How to Write Tragedy
- Start with the hero. The hero is the main element of any tragedy. The hero should be doing well in the beginning – respected, skilled, and usually honorable. But there’s also a key flaw in the hero’s character. Pick a flaw that you feel your readers can relate to, something that they may find in themselves from time to time. Despite the hero’s flaw, the audience should still be rooting for him as they read – otherwise the ending won’t be sad for them.
- Plan out a series of snowballing events. It might start small. The hero might overstep his authority at work due to overconfidence; or she might have a relapse of addiction. But from the first event, something else happens, which then leads to something else, and slowly the negative events start to spiral out of control.
- Begin with the end in mind. In terms of structure, the most important part of a tragedy is its ending. The ending has to show the hero’s final destruction, usually (but not always) meaning death. You should have an ending in mind as you write, so that you have some idea of what you’re building up to. How will your hero be destroyed? What fatal flaw will result in the catastrophe? And how will you describe the end so that readers feel the sad and pitiable emotions of pathos?
When to Use Tragedy
Tragedy is a kind of story structure, so it’s most relevant to creative writing. However, tragedies also need space to develop – you can’t write one overnight, or within the space of just a couple of pages. So if you’re going to write a tragedy for a creative writing class, you should make sure you start way ahead of time and that you’re prepared to write a pretty long piece with a gradual story arc from beginning to tragic end. If you’re writing your tragedy outside of class, of course, you won’t need to worry about deadlines and can give the piece the time and attention that it needs to become a really great tragedy.
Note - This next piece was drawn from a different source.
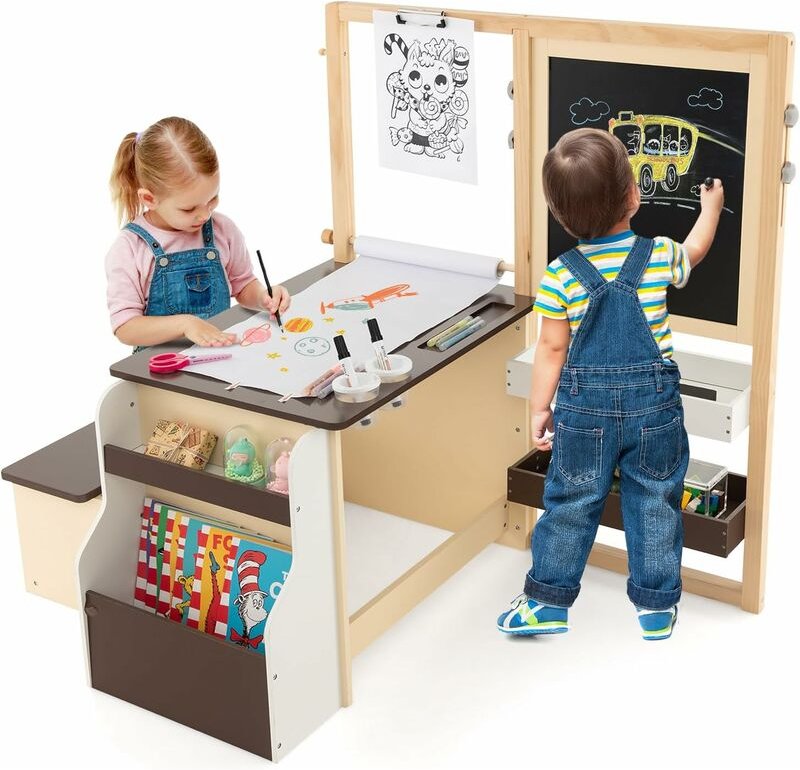 COSTWAY 6 in 1 Kinder Staffelei Set, Standtafel aus Holz mit doppelseitiger Kreidetafel & Whiteboard & Papierrolle, Kind...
Although tragedy is generally used in literature, it can also be a useful concept in essays, especially biographical essays. A good biography needs to take a particular viewpoint on the person in question, and it helps to have an overall narrative structure. Tragedy fits both requirements: it gives you a structure for the piece, and also helps guide how you portray the subject. You might argue, for example, that Napoleon was a tragic figure whose fatal flaw was hubris (see Related Terms).